◆ **Task objective**
Retype the whole listing verbatim and keep the pictures out of it.

◆ **Input data**
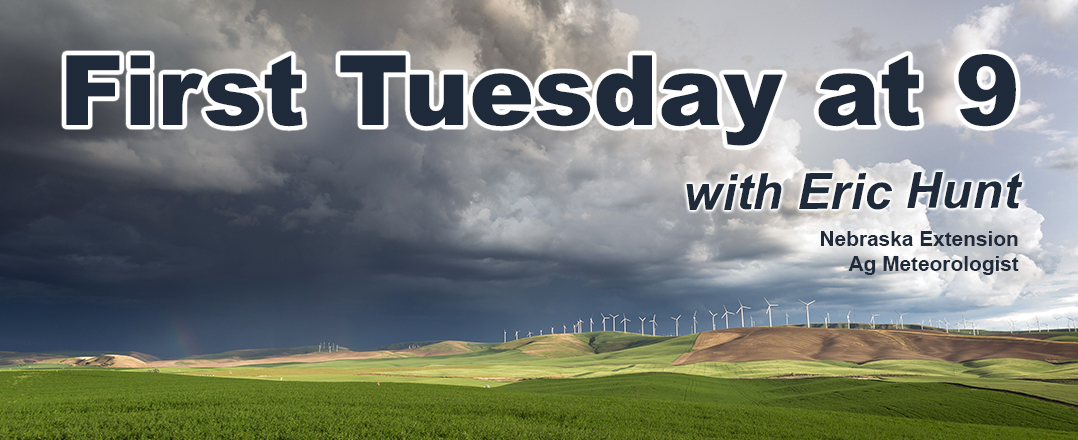 New on CropWatch! Join Eric Hunt, @UNLExtension ag meteorologist, live on Zoom at 9 a.m. CT on the first Tuesday of each month for insights on #weather conditions & the long-range outlook. Learn more & signup » cropwatch.unl.edu/first-tuesday-9 #NebExt #newx #wx @NebraskaClimate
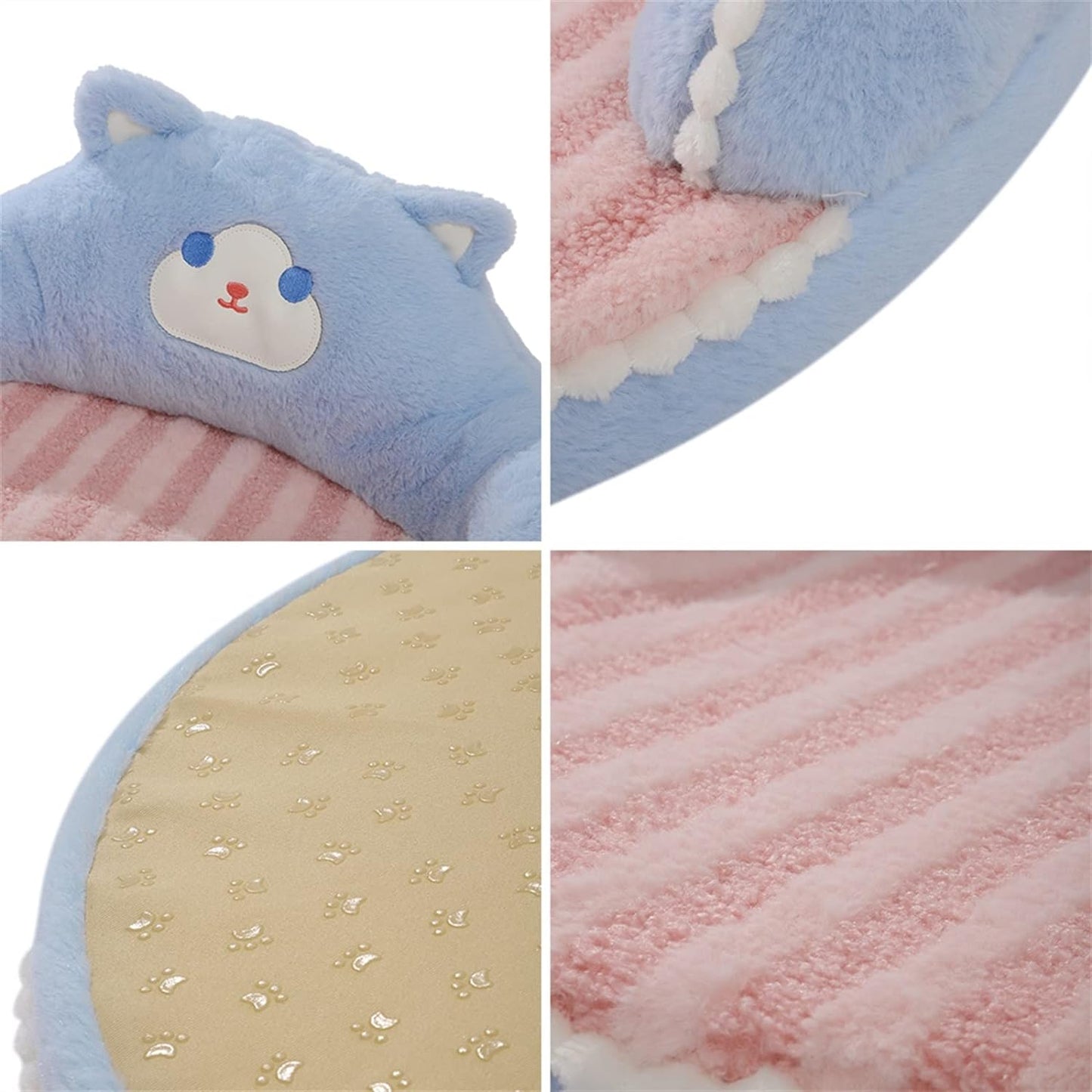 Round and plush Baby Bear Cat Bed in use, showcasing its comforting features for pets.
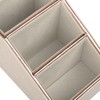 Rose Gold Edge Inlaid Leather Desktop Organizer, Remote Control Holder,Nightstand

◆ **Reply to the exercise**
 New on CropWatch! Join Eric Hunt, @UNLExtension ag meteorologist, live on Zoom at 9 a.m. CT on the first Tuesday of each month for insights on #weather conditions & the long-range outlook. Learn more & signup » cropwatch.unl.edu/first-tuesday-9 #NebExt #newx #wx @NebraskaClimate
 Round and plush Baby Bear Cat Bed in use, showcasing its comforting features for pets.
 Rose Gold Edge Inlaid Leather Desktop Organizer, Remote Control Holder,Nightstand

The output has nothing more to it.